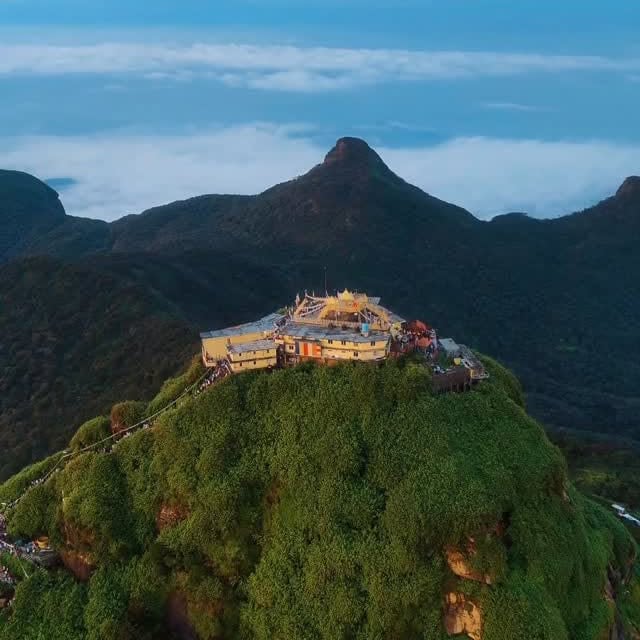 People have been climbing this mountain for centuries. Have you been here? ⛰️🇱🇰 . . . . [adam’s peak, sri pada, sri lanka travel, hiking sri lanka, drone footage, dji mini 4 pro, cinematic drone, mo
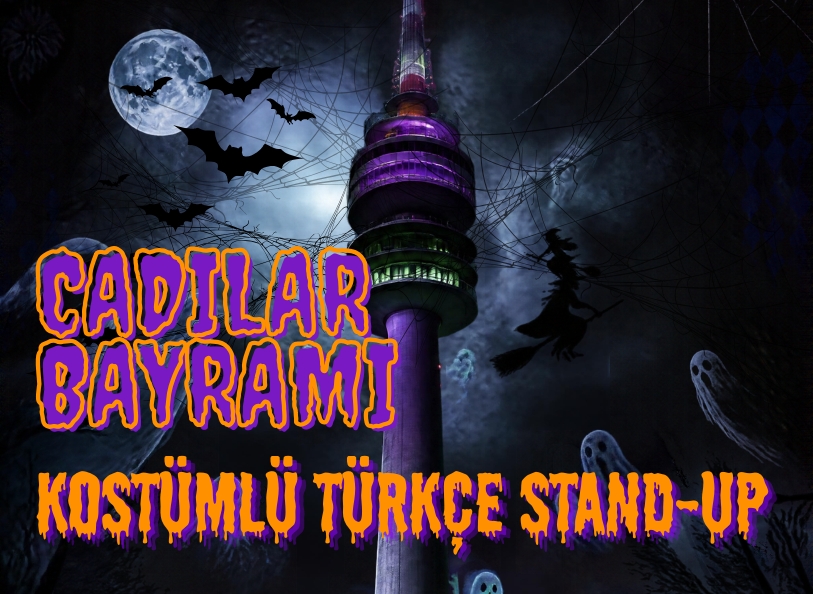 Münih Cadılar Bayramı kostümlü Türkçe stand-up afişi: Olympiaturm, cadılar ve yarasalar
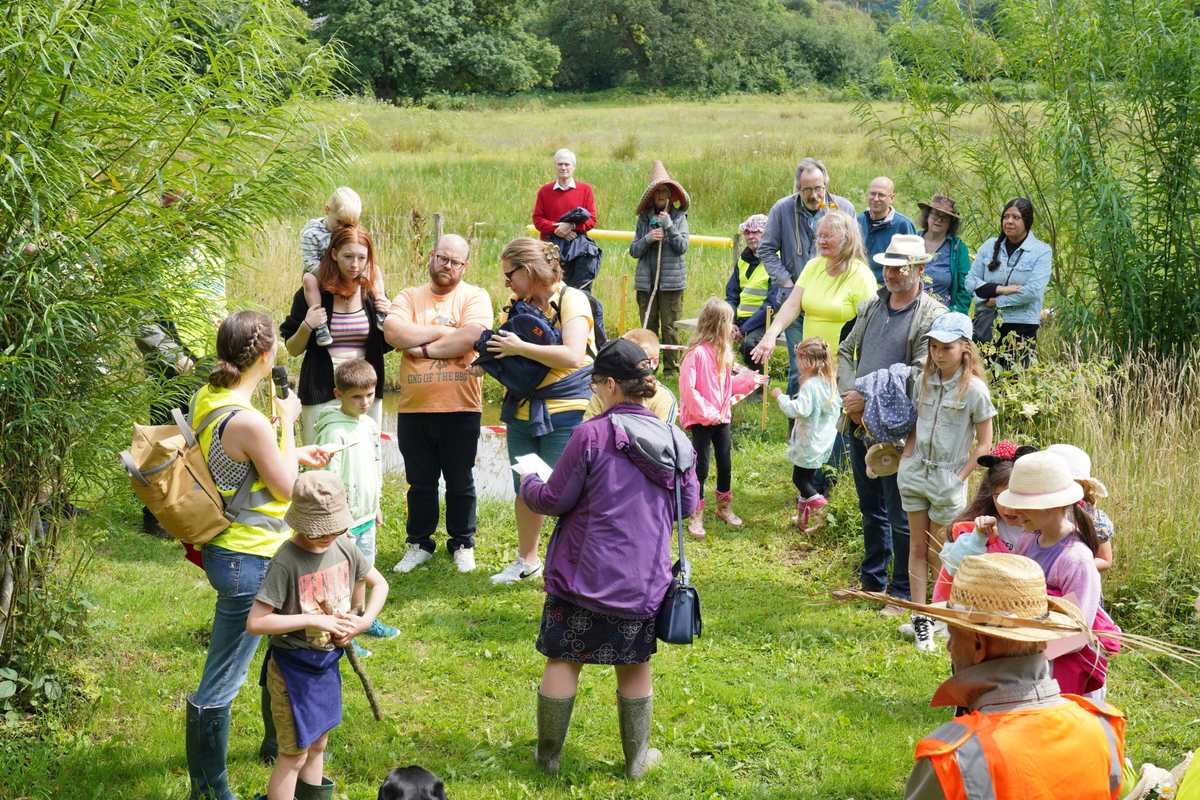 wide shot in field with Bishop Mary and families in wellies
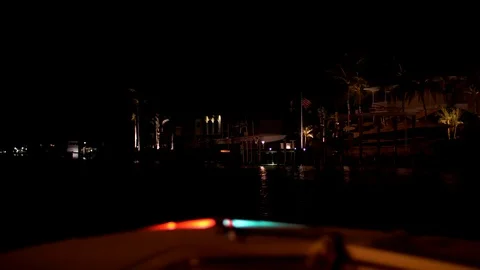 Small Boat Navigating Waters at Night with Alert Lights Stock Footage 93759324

━━━━━━━━━━━━━━━━

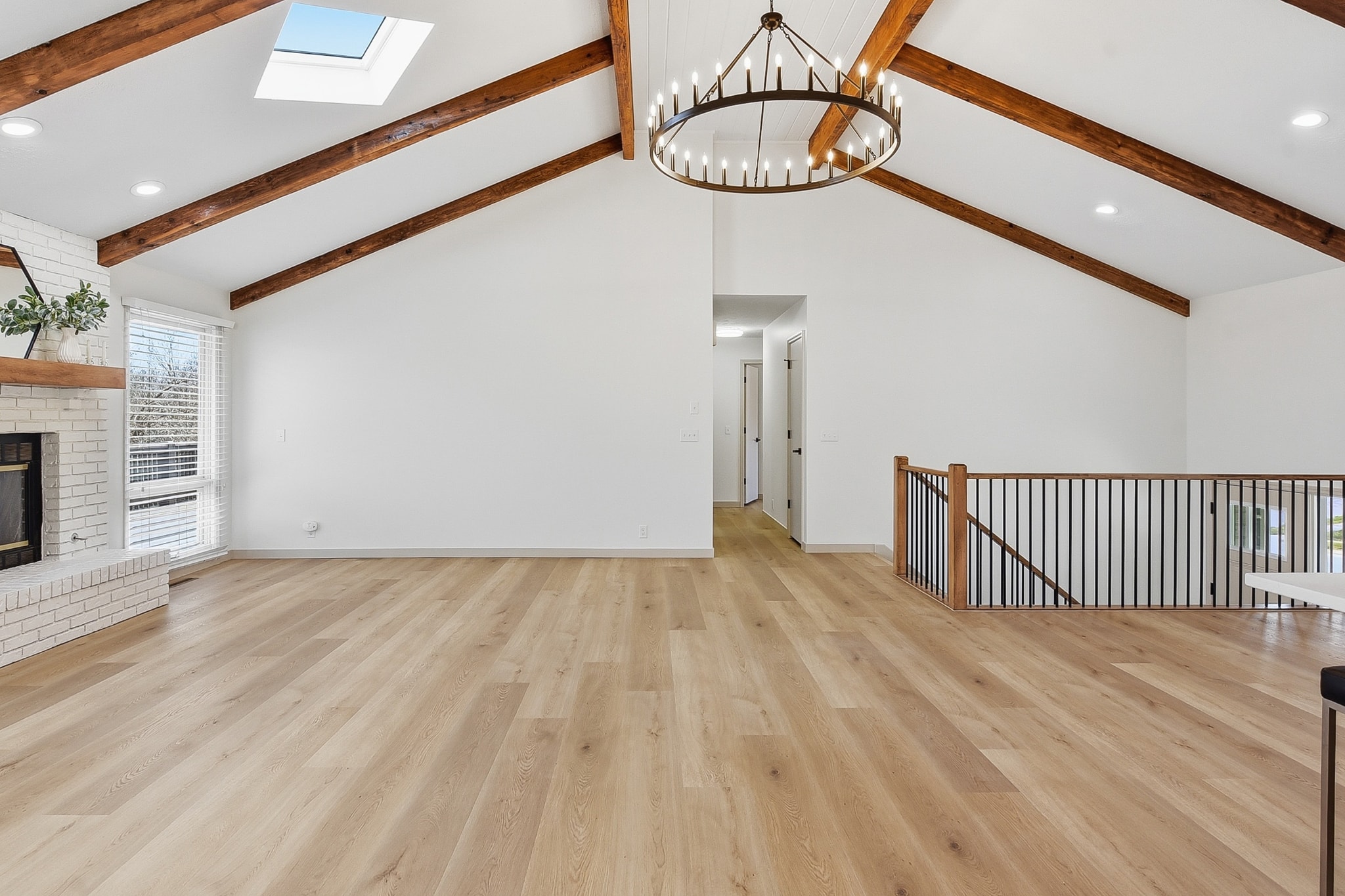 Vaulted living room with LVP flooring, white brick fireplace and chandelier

━━━━━━━━━━━━━━━━

→ **WORK TASK**: Your answer is the exact run of lines above from the one with "wide shot in" through the one with "Small Boat Navigating", both ends included, minus any picture.

→ **TASK SOLUTION**:
 wide shot in field with Bishop Mary and families in wellies
 Small Boat Navigating Waters at Night with Alert Lights Stock Footage 93759324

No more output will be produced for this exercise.